YOUR INSTRUCTIONS » Write down exactly what lies from the line containing "Lauenburg Elbe Schlossturm" to the end of the records, inclusive, and omit the pictures.

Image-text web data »
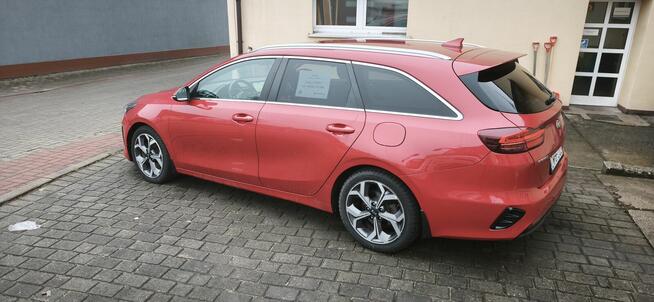 Kia Ceed 1.4 T-GDI w wersji L Business Line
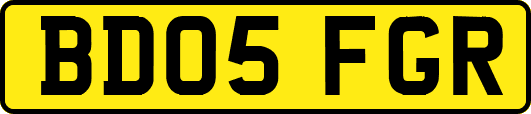 BD05FGR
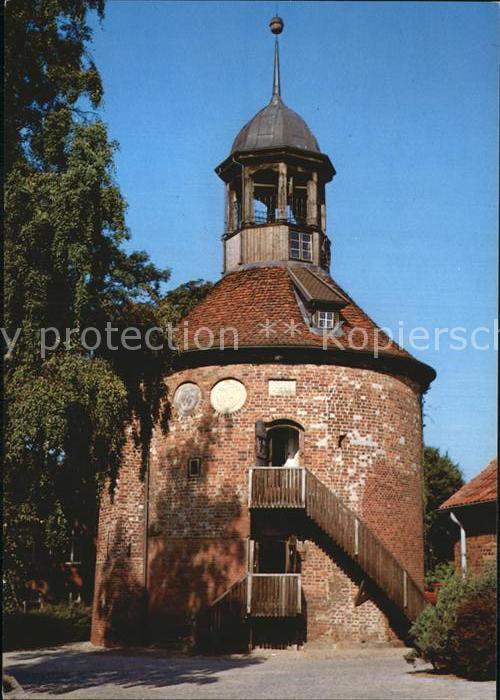 Lauenburg Elbe Schlossturm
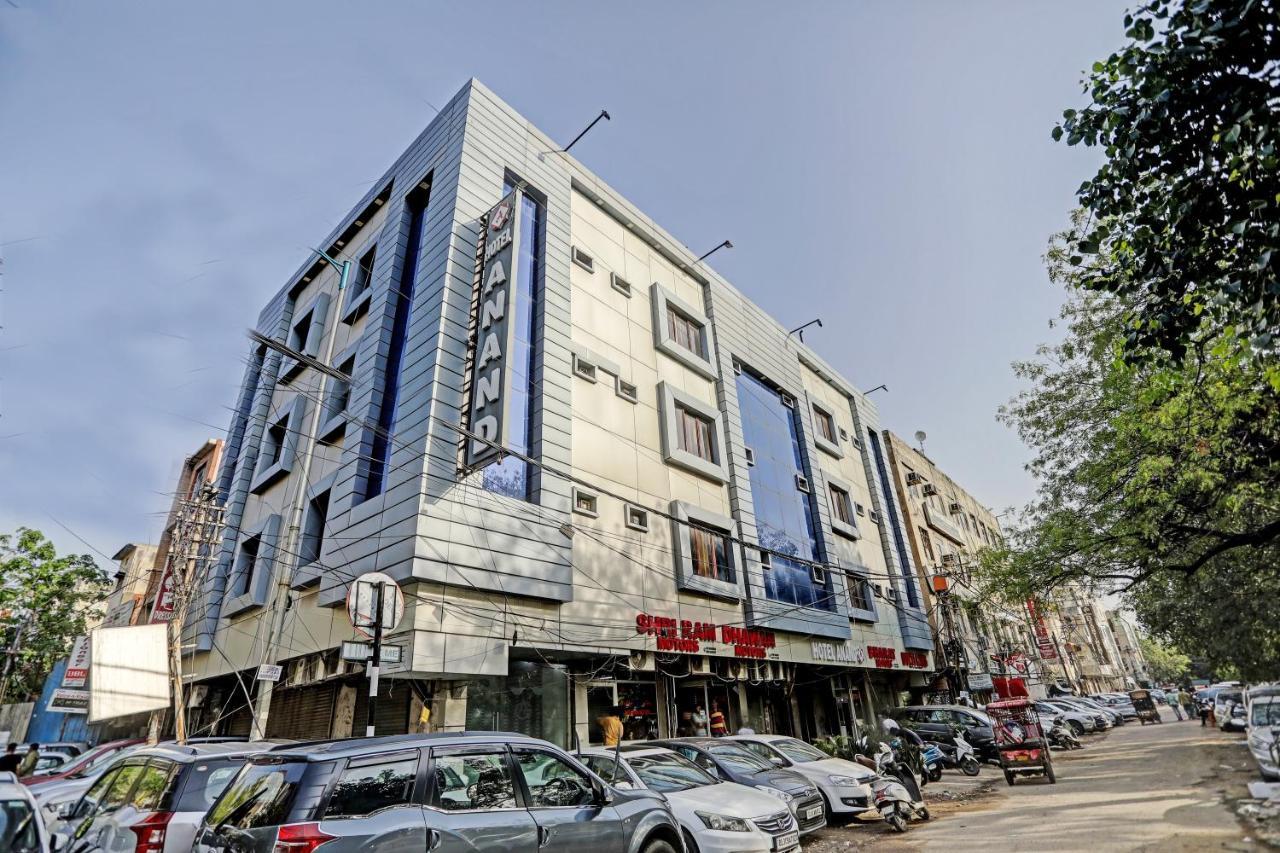 Hotel Staybook Anand 3*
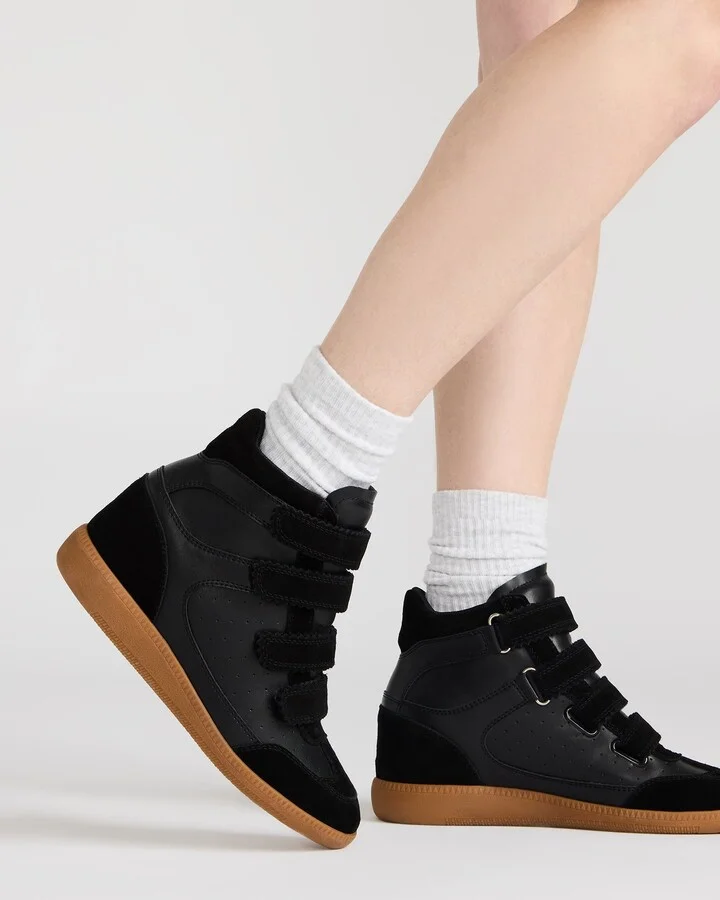 Mustang Brown Suede - Image 6
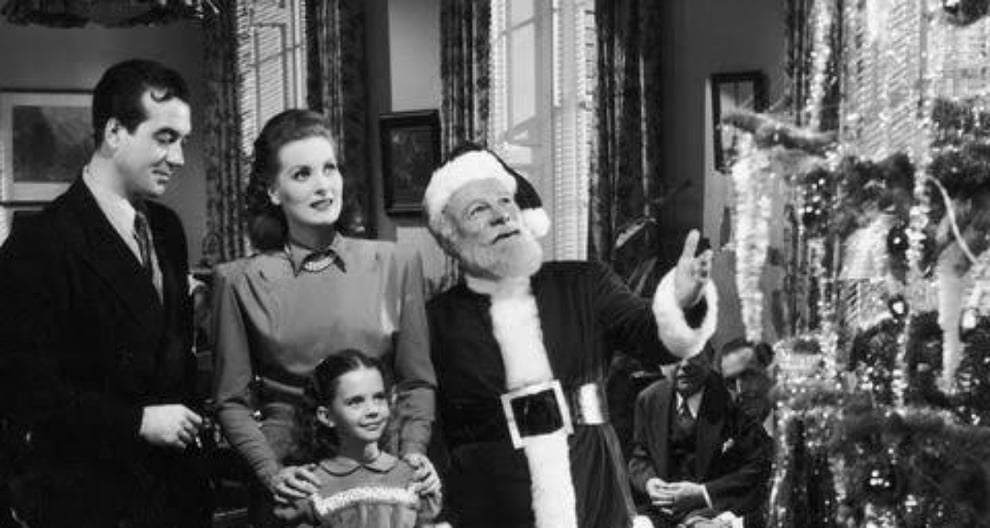 Eight Oldest Christmas Movies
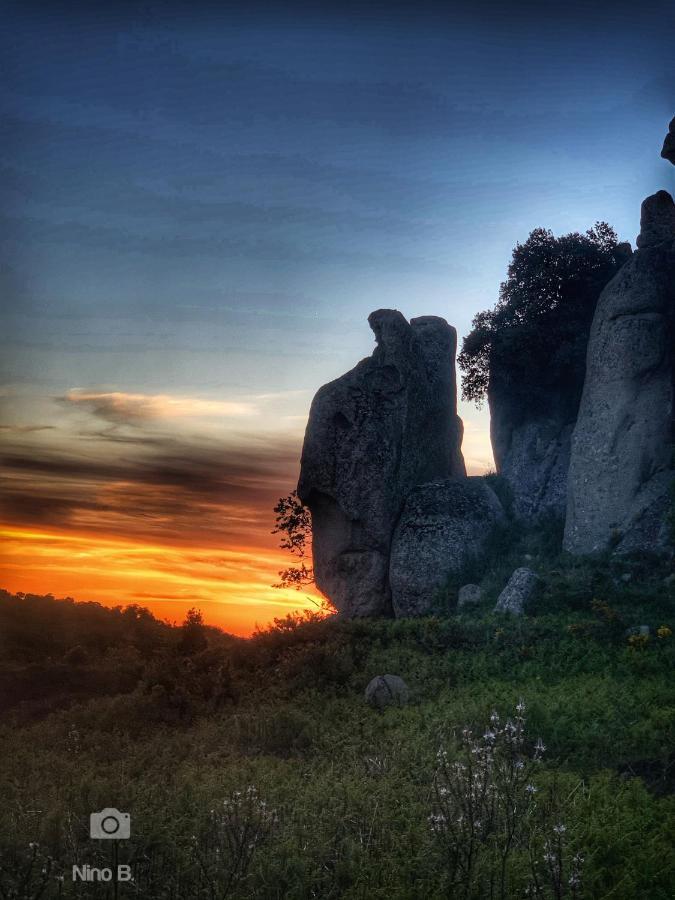 Hotel Dolmen House Montalbano Elicona Zewnętrze zdjęcie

RESULT FOR THIS TASK »
 Lauenburg Elbe Schlossturm
 Hotel Staybook Anand 3*
 Mustang Brown Suede - Image 6
 Eight Oldest Christmas Movies
 Hotel Dolmen House Montalbano Elicona Zewnętrze zdjęcie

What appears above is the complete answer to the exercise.